When unsure what wine to order in a restaurant, or for dinner at home for that matter, and there's one from Alsace available, buy it. Standards are exceptionally high and the quality generally better overall than for other wine regions, domestic and otherwise.
Whites are the staple in Alsace, the grapes Germanic in expression if not in fact - i.e. riesling lives intimately with pinot blanc, both having great clarity, relatively low alcohol and high acid, which results in a crisp finish and never a headache (unless you drink the whole bottle, and even then it's not guaranteed).
Unfortunately there are few Alsatian estates producing a variety of top wines at really good prices, until recently. The newest, and welcome addition to the market, is Helfrich, a family winery in northern Alsace that offers whites from a brightly sparkling cremant to powerful grand crus riesling and pinot gris costing more than $20 a bottle. But it is the second tier of wines that will have the most appeal - riesling (great body), pinot gris (lean, hint of pine forest), pinot blanc (great nose, hint of kiwi, my favorite) and gewurtztraminer (fragrant but not overpowering) - at about $16. The label's appealingly industrial-chic and the commendable screw-top prevails.
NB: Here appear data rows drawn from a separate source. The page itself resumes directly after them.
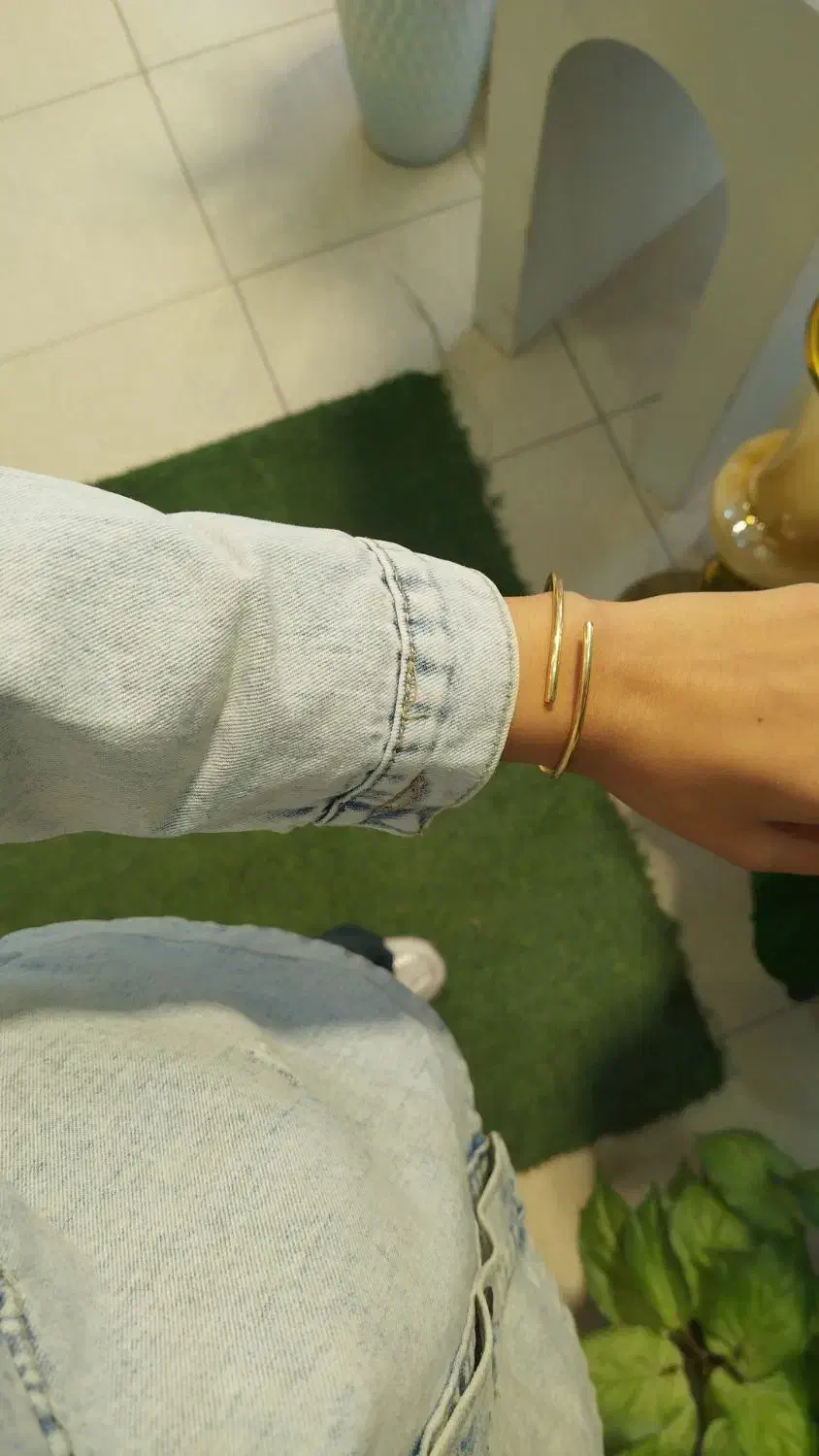 بنگل|بدلیجات|بردسیر, |دیوار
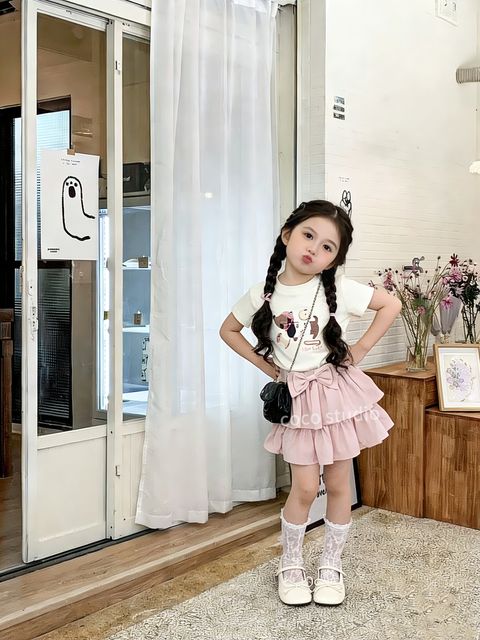 image_1D746CCE-9829-4B45-B560-73C9F9724817_1774775794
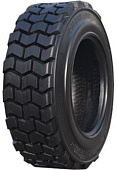12,5/80 -18 EVEREST L4 SKS4 TL PR12 Автошина Шашка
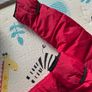 Snow suit Michael Jordan Image 7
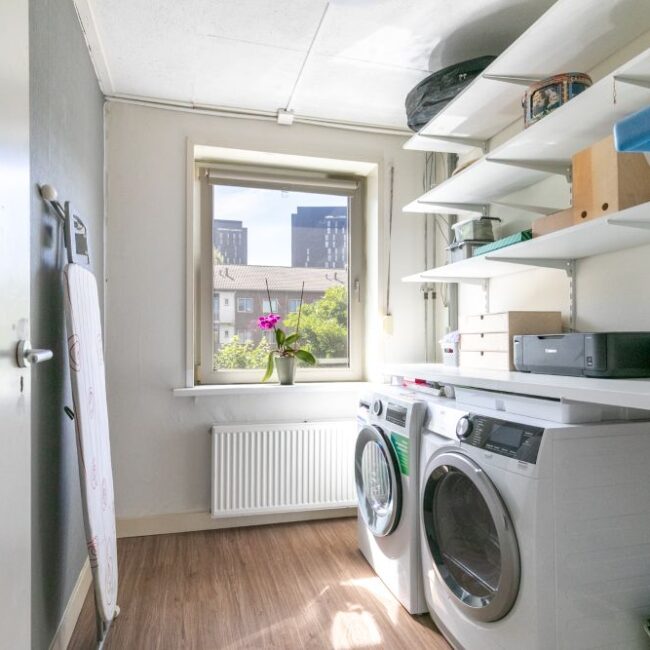 52_Tasmanstraat 39 via Willemars Wonen (59)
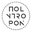 polytropon architects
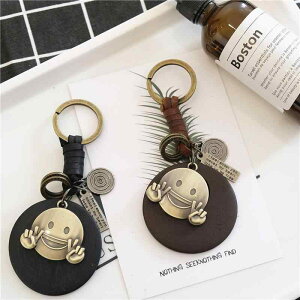 L[z_[ Y fB[X ԗp X}[gL[Ή v {v X}C s[XTC 킢  obO`[ ubN uE O[ v[g Mtg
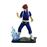 Figura My Hero Academia: Shoto Todoroki_0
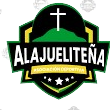 Alajuelitena Women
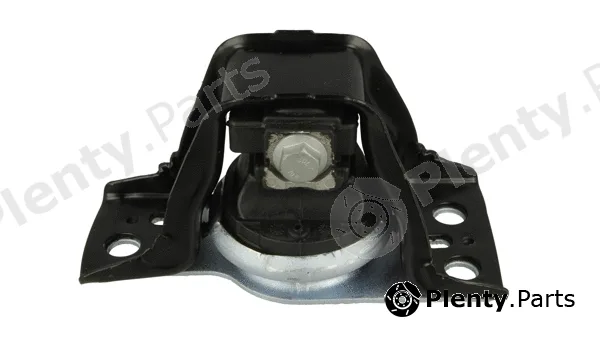 Hart 353027 — Mounting, engine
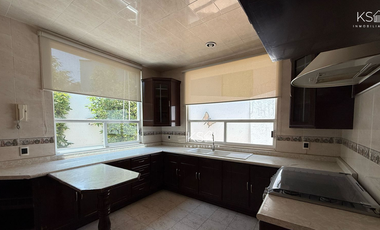 SE RENTA CASA EN PACHUCA, REAL DEL VALLE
Helfrich wines go very well with spring and summer fare and should generally appeal to younger wine drinkers branching out from same-old chardonnay and pinot grigio. Alsatian wines are a good match for most things, from goat cheese to rabbit in mustard (see below). Some of the exquisite taste can be attributed to pink sandstone underlying the vineyard in the Couronne d'Or, a piece of which sits next to my glass, not in Molsheim but in Washington, DC.